# Dependencies

In [None]:
import pandas as pd
import numpy as np
import plotly.express as px
from dash import Dash, dcc, html, Input, Output

# Import data

In [None]:
sp500 = pd.read_excel('data/s&p500.xlsx')
sp500_top10_holders = pd.read_excel('data/sp500_top10_holders.xlsx')

In [None]:
# Fix index and column names
sp500.columns = sp500.iloc[0]
sp500 = sp500[1:]

sp500_top10_holders.columns = sp500_top10_holders.iloc[0]
sp500_top10_holders = sp500_top10_holders[1:]

In [None]:
sp500.head()

## Clean shareholders table

In [None]:
# Delete rows 'Top mutual fund holders' in 'class' column
sp500_top10_holders = sp500_top10_holders[sp500_top10_holders['class'] != 'Top mutual fund Holders']
sp500_top10_holders.shape

# Remove duplicated rows
sp500_top10_holders = sp500_top10_holders.drop_duplicates()
sp500_top10_holders.shape

## Merge Data

In [None]:
merged_df = pd.merge(sp500_top10_holders, sp500, on=['symbol', 'isin'])
merged_df.head()

In [None]:
# merged_merged_merged_merged_df[['isin', 'symbol']].nunique()
merged_df.shape


## Companies not located on US

In [None]:
merged_df['country'].unique()

## Convert values

In [None]:
# Function to convert values with 'B' and 'M' suffixes to numeric
def convert_shares(value):
    if 'B' in value:
        return float(value.replace('B', '')) * 1e9
    elif 'M' in value:
        return float(value.replace('M', '')) * 1e6
    elif 'k' in value:
        return float(value.replace('k', '')) * 1e3
    else:
        return float(value)

# Apply the function to the 'shares' column
merged_df['shares'] = merged_df['shares'].apply(convert_shares)

In [None]:
# List of columns to convert to numeric
columns_to_numeric = [
    '%', 'value', 'marketCap', 'enterpriseValue', 'totalCash', 'totalCashPerShare',
    'ebitda', 'totalDebt', 'quickRatio', 'currentRatio', 'totalRevenue', 'debtToEquity',
    'revenuePerShare', 'returnOnAssets', 'returnOnEquity', 'freeCashflow', 'operatingCashflow',
    'earningsGrowth', 'revenueGrowth', 'grossMargins', 'ebitdaMargins', 'operatingMargins'
]

# Convert specified columns to numeric
merged_df[columns_to_numeric] = merged_df[columns_to_numeric].apply(pd.to_numeric, errors='coerce')

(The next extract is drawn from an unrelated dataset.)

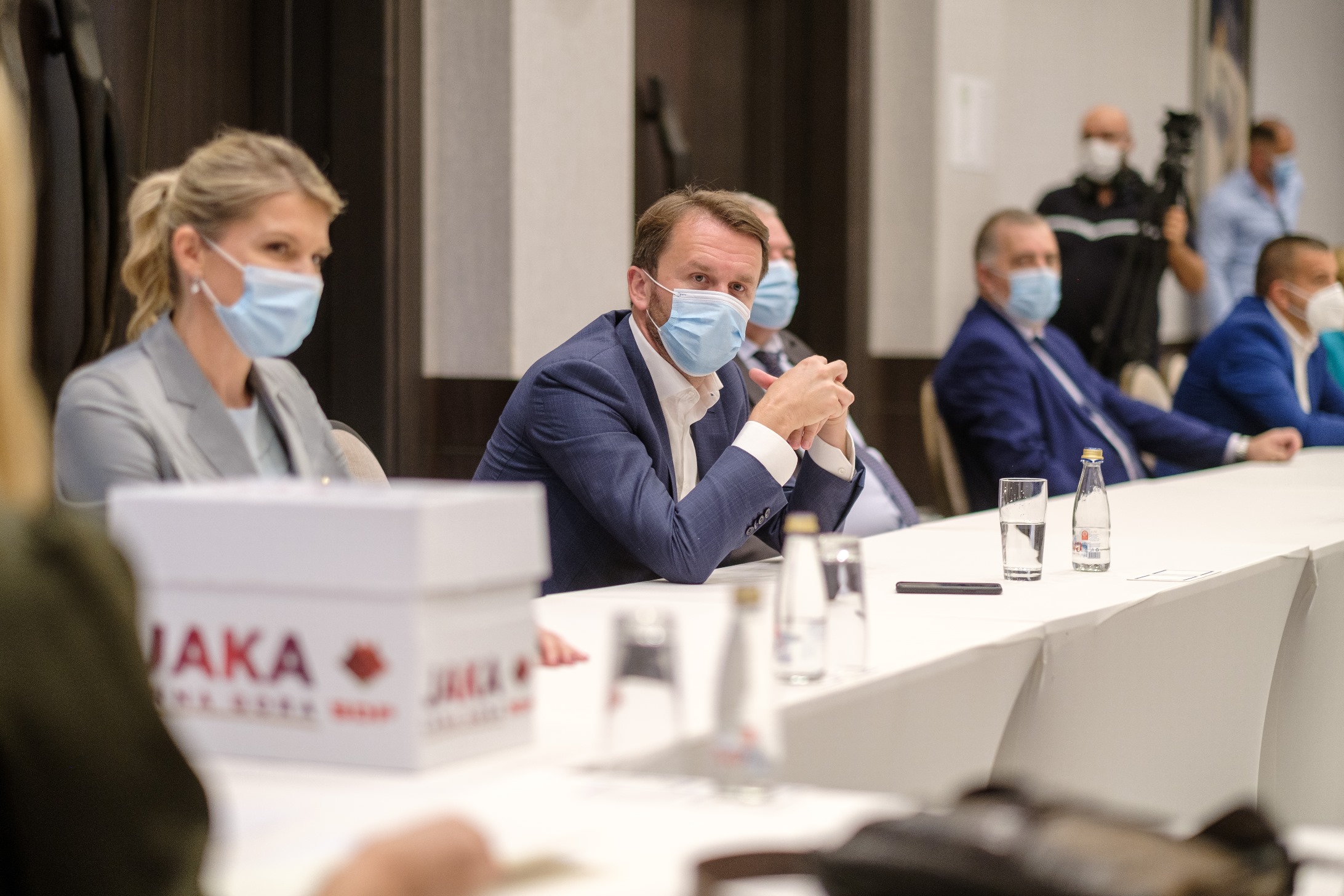 Ovo je lista SDP-a za parlamentarne izbore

# Display the data types to verify the changes
merged_df.head()


# Treemap

## Sharehold -> Company -> Details

In [None]:
# Create a tree map using plotly.express
fig = px.treemap(
    merged_df, 
    path=['name', 'symbol'],
    values='value',
    color='value', 
    hover_data=['shares'],
    color_continuous_scale='RdBu'
)

# Change the figure size
fig.update_layout(
    width=1000,
    height=800
)
fig.show()

# Treemap 2

In [39]:
import plotly.express as px

app = Dash(__name__)

app.layout = html.Div([
    html.H4("Interactive TreeMap with Dash"),
    html.P("Filter options:"),
    dcc.RadioItems(
        id='filter-options',
        value='shareholder',
        options=['shareholder', 'sector', 'industry', 'country'],
    ),
    dcc.Graph(id="graph"),
], style={'backgroundColor': 'white'})

@app.callback(
    Output("graph", "figure"),
    Input("filter-options", "value"))
def generate_chart(mode):
    df = px.data.tips()  # replace with your own data source
    if mode == 'shareholder':
        merged_df["filter"] = merged_df["name"]
    elif mode == 'sector':
        merged_df["filter"] = merged_df["sector"]
    elif mode == 'industry':
        merged_df["filter"] = merged_df["industry"]
    elif mode == 'country':
        merged_df["filter"] = merged_df["country"]

    fig = px.treemap(
        merged_df,
        path=[px.Constant("sp500"), 'filter', 'symbol'],
        values='value',
        color='value',
        hover_data=['shares'],
        title=f"Values grouped by {mode}",
        color_continuous_scale='RdBu'
    )

    return fig

if __name__ == '__main__':
    app.run_server(debug=True)

In [None]:
# TODO add context
# TODO seperate notebook into 2 files: preprocessing and treemap
# TODO make it appear in a seperate window/browser
# TODO Shareholder -> sector
# TODO Shareholder -> company
# TODO change color scheme
# TODO remove white border from squares
# TODO card color different from background